EXERCISE PROMPT
Set down every record exactly as it appears.

Dataset records

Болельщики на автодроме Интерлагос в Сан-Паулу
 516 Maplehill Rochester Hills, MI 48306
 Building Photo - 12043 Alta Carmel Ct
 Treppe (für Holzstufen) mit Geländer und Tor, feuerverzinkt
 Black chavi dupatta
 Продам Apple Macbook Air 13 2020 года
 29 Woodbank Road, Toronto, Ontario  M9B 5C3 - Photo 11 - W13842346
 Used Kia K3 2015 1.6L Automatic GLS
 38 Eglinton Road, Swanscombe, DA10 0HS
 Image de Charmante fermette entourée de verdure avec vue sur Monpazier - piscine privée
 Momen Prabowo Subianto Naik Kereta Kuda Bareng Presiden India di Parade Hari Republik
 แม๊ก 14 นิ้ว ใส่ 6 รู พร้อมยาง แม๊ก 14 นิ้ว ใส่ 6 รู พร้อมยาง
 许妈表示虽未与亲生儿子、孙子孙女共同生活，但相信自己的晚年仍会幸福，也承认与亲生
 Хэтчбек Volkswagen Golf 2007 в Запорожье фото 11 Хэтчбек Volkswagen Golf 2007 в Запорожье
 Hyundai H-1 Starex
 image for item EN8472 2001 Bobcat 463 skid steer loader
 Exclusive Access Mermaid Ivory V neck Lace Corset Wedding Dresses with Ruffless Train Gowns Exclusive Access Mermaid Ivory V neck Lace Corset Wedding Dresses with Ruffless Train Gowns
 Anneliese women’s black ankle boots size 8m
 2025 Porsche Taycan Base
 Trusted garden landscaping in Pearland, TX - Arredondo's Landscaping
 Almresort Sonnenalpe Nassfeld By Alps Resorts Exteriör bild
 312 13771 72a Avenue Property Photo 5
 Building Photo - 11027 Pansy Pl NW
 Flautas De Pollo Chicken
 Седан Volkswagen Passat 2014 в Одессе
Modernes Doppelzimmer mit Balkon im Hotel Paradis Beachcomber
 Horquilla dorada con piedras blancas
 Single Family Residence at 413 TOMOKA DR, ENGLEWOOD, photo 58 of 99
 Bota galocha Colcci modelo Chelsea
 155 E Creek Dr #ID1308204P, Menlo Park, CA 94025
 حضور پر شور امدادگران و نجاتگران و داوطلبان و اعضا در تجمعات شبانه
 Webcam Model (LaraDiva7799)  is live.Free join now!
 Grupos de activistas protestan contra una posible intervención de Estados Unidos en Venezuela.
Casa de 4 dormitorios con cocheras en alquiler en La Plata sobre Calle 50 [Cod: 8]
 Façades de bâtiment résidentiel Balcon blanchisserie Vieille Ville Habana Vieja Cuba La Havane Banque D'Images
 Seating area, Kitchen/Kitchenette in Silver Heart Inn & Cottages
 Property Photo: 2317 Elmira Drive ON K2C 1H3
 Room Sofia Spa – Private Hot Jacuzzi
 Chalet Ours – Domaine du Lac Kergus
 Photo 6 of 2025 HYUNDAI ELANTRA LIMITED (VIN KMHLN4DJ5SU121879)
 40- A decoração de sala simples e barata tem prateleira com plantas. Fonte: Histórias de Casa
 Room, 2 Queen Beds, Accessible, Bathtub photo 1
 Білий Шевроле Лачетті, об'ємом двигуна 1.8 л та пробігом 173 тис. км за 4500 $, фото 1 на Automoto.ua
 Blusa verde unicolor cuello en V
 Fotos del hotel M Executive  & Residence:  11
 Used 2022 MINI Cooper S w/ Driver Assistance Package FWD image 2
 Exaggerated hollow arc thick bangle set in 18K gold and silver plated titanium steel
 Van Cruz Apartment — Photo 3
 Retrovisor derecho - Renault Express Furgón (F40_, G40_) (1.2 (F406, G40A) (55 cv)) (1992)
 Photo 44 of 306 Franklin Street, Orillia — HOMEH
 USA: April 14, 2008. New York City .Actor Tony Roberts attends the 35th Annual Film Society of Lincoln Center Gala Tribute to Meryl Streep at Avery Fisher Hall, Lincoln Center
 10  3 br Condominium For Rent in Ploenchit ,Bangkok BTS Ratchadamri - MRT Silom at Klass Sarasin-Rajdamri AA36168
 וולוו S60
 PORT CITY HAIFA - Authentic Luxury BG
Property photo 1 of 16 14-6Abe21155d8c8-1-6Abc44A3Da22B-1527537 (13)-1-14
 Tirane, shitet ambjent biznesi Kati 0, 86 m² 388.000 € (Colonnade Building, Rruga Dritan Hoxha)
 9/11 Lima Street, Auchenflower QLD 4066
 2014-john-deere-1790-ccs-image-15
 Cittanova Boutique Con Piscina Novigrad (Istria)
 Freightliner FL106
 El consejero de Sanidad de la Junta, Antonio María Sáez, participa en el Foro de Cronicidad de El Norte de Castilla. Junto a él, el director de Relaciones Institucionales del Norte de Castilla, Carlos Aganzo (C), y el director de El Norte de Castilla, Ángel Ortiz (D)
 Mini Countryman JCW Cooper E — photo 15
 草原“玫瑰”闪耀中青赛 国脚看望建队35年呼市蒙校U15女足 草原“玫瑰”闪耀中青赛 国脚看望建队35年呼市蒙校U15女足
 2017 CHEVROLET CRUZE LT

EXERCISE OUTPUT
Болельщики на автодроме Интерлагос в Сан-Паулу
 516 Maplehill Rochester Hills, MI 48306
 Building Photo - 12043 Alta Carmel Ct
 Treppe (für Holzstufen) mit Geländer und Tor, feuerverzinkt
 Black chavi dupatta
 Продам Apple Macbook Air 13 2020 года
 29 Woodbank Road, Toronto, Ontario  M9B 5C3 - Photo 11 - W13842346
 Used Kia K3 2015 1.6L Automatic GLS
 38 Eglinton Road, Swanscombe, DA10 0HS
 Image de Charmante fermette entourée de verdure avec vue sur Monpazier - piscine privée
 Momen Prabowo Subianto Naik Kereta Kuda Bareng Presiden India di Parade Hari Republik
 แม๊ก 14 นิ้ว ใส่ 6 รู พร้อมยาง แม๊ก 14 นิ้ว ใส่ 6 รู พร้อมยาง
 许妈表示虽未与亲生儿子、孙子孙女共同生活，但相信自己的晚年仍会幸福，也承认与亲生
 Хэтчбек Volkswagen Golf 2007 в Запорожье фото 11 Хэтчбек Volkswagen Golf 2007 в Запорожье
 Hyundai H-1 Starex
 image for item EN8472 2001 Bobcat 463 skid steer loader
 Exclusive Access Mermaid Ivory V neck Lace Corset Wedding Dresses with Ruffless Train Gowns Exclusive Access Mermaid Ivory V neck Lace Corset Wedding Dresses with Ruffless Train Gowns
 Anneliese women’s black ankle boots size 8m
 2025 Porsche Taycan Base
 Trusted garden landscaping in Pearland, TX - Arredondo's Landscaping
 Almresort Sonnenalpe Nassfeld By Alps Resorts Exteriör bild
 312 13771 72a Avenue Property Photo 5
 Building Photo - 11027 Pansy Pl NW
 Flautas De Pollo Chicken
 Седан Volkswagen Passat 2014 в Одессе
Modernes Doppelzimmer mit Balkon im Hotel Paradis Beachcomber
 Horquilla dorada con piedras blancas
 Single Family Residence at 413 TOMOKA DR, ENGLEWOOD, photo 58 of 99
 Bota galocha Colcci modelo Chelsea
 155 E Creek Dr #ID1308204P, Menlo Park, CA 94025
 حضور پر شور امدادگران و نجاتگران و داوطلبان و اعضا در تجمعات شبانه
 Webcam Model (LaraDiva7799)  is live.Free join now!
 Grupos de activistas protestan contra una posible intervención de Estados Unidos en Venezuela.
Casa de 4 dormitorios con cocheras en alquiler en La Plata sobre Calle 50 [Cod: 8]
 Façades de bâtiment résidentiel Balcon blanchisserie Vieille Ville Habana Vieja Cuba La Havane Banque D'Images
 Seating area, Kitchen/Kitchenette in Silver Heart Inn & Cottages
 Property Photo: 2317 Elmira Drive ON K2C 1H3
 Room Sofia Spa – Private Hot Jacuzzi
 Chalet Ours – Domaine du Lac Kergus
 Photo 6 of 2025 HYUNDAI ELANTRA LIMITED (VIN KMHLN4DJ5SU121879)
 40- A decoração de sala simples e barata tem prateleira com plantas. Fonte: Histórias de Casa
 Room, 2 Queen Beds, Accessible, Bathtub photo 1
 Білий Шевроле Лачетті, об'ємом двигуна 1.8 л та пробігом 173 тис. км за 4500 $, фото 1 на Automoto.ua
 Blusa verde unicolor cuello en V
 Fotos del hotel M Executive  & Residence:  11
 Used 2022 MINI Cooper S w/ Driver Assistance Package FWD image 2
 Exaggerated hollow arc thick bangle set in 18K gold and silver plated titanium steel
 Van Cruz Apartment — Photo 3
 Retrovisor derecho - Renault Express Furgón (F40_, G40_) (1.2 (F406, G40A) (55 cv)) (1992)
 Photo 44 of 306 Franklin Street, Orillia — HOMEH
 USA: April 14, 2008. New York City .Actor Tony Roberts attends the 35th Annual Film Society of Lincoln Center Gala Tribute to Meryl Streep at Avery Fisher Hall, Lincoln Center
 10  3 br Condominium For Rent in Ploenchit ,Bangkok BTS Ratchadamri - MRT Silom at Klass Sarasin-Rajdamri AA36168
 וולוו S60
 PORT CITY HAIFA - Authentic Luxury BG
Property photo 1 of 16 14-6Abe21155d8c8-1-6Abc44A3Da22B-1527537 (13)-1-14
 Tirane, shitet ambjent biznesi Kati 0, 86 m² 388.000 € (Colonnade Building, Rruga Dritan Hoxha)
 9/11 Lima Street, Auchenflower QLD 4066
 2014-john-deere-1790-ccs-image-15
 Cittanova Boutique Con Piscina Novigrad (Istria)
 Freightliner FL106
 El consejero de Sanidad de la Junta, Antonio María Sáez, participa en el Foro de Cronicidad de El Norte de Castilla. Junto a él, el director de Relaciones Institucionales del Norte de Castilla, Carlos Aganzo (C), y el director de El Norte de Castilla, Ángel Ortiz (D)
 Mini Countryman JCW Cooper E — photo 15
 草原“玫瑰”闪耀中青赛 国脚看望建队35年呼市蒙校U15女足 草原“玫瑰”闪耀中青赛 国脚看望建队35年呼市蒙校U15女足
 2017 CHEVROLET CRUZE LT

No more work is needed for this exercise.